*PROMPT:* The line holding "3rd image of 2727 S Lakeshore Dr APT H-31" is the last one to output; start at the first line of the data, keep every line in between exactly, and leave out pictures.

*PROVIDED ENTRIES:*
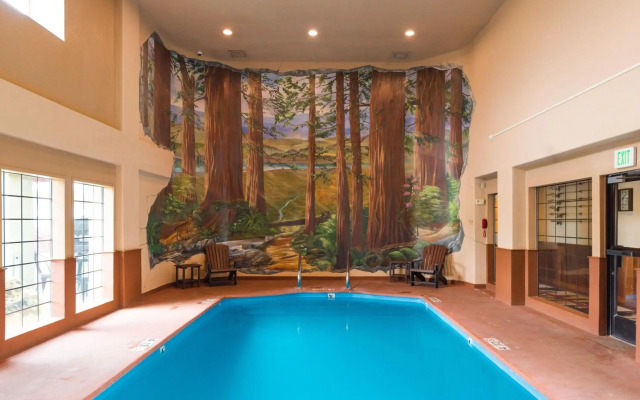 The Redwood Riverwalk, A Boutique Hotel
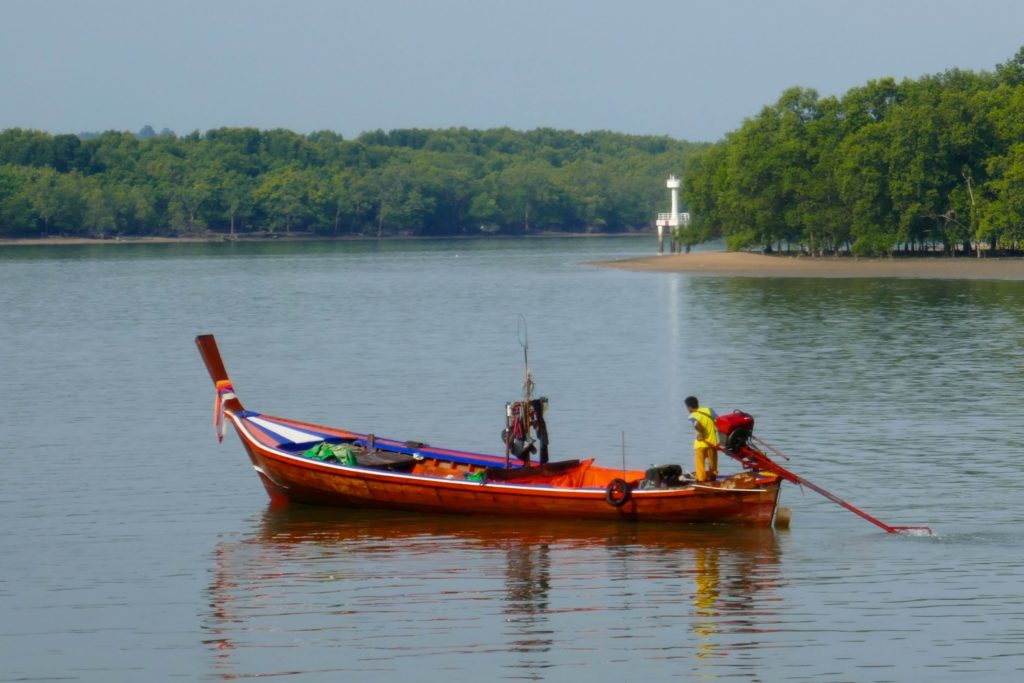 Ein kleines Boot verlässt den Hafen von Ranong.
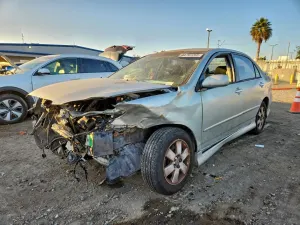 Toyota Corolla CE 1.8L 4 2004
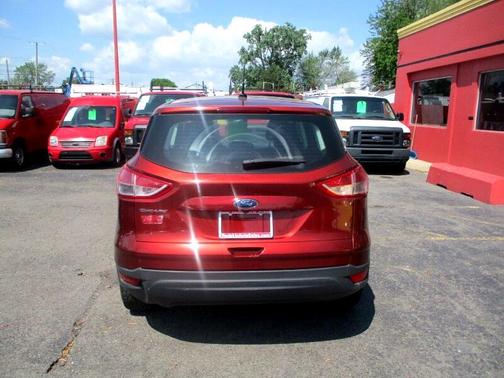 2016 Ford Escape S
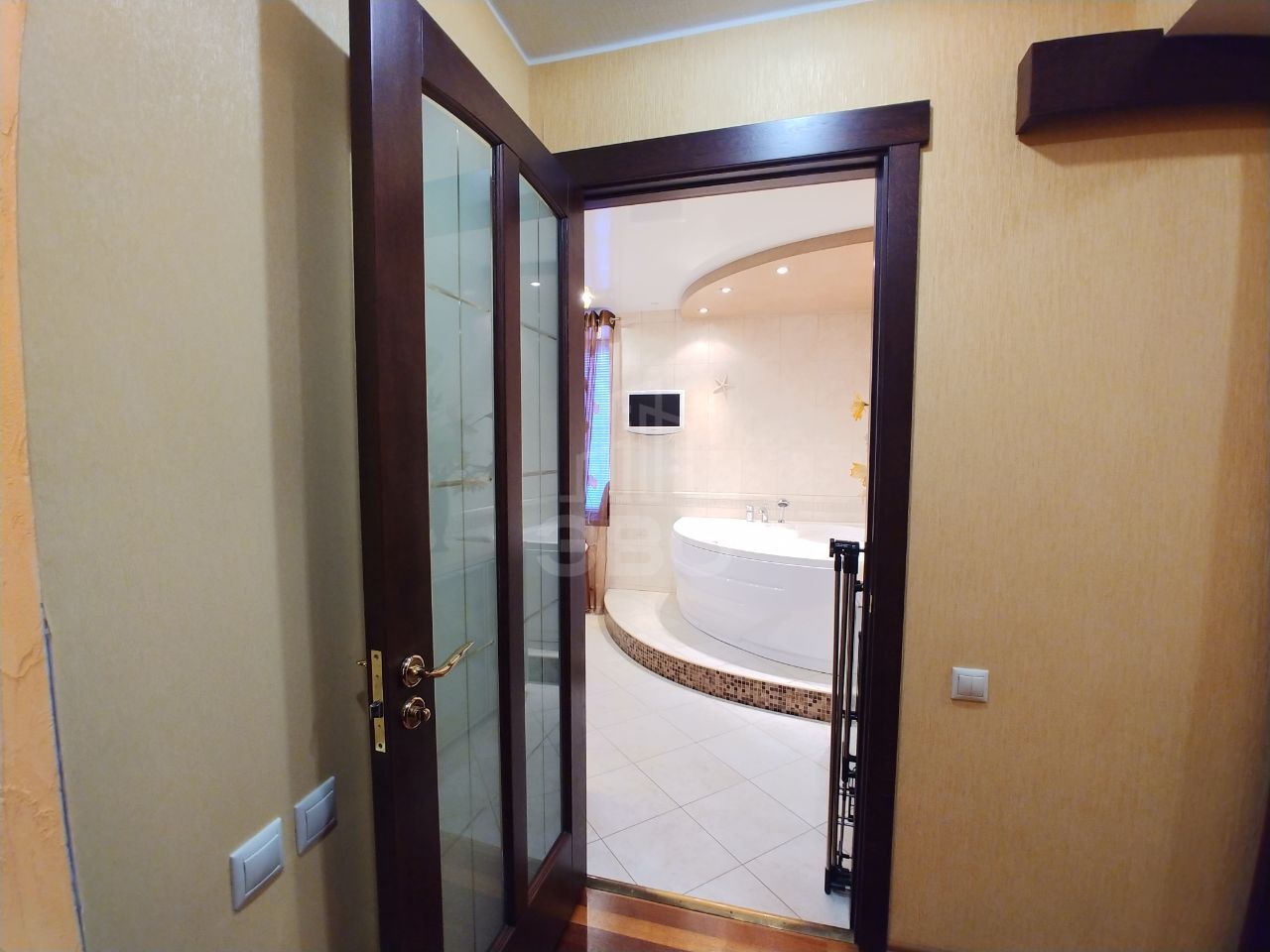 трехкомнатная квартира в Санкт-Петербург по адресу: Разводная ул., 10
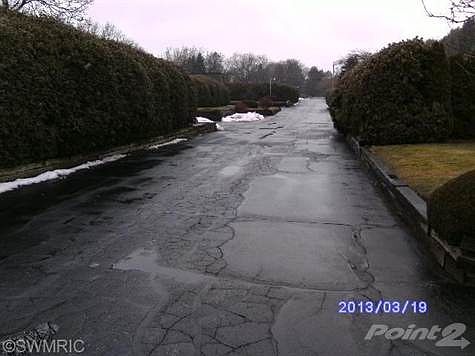 3rd image of 2727 S Lakeshore Dr APT H-31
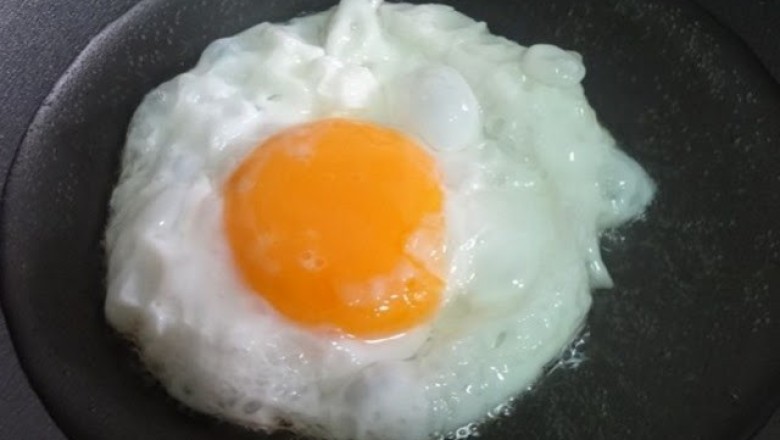 เทคนิคคู่ครัวทอดไข่ดาวให้ดูฟองโตชวนน่ากิน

*SOLUTION TO THE PROBLEM:*
 The Redwood Riverwalk, A Boutique Hotel
 Ein kleines Boot verlässt den Hafen von Ranong.
 Toyota Corolla CE 1.8L 4 2004
 2016 Ford Escape S
 трехкомнатная квартира в Санкт-Петербург по адресу: Разводная ул., 10
 3rd image of 2727 S Lakeshore Dr APT H-31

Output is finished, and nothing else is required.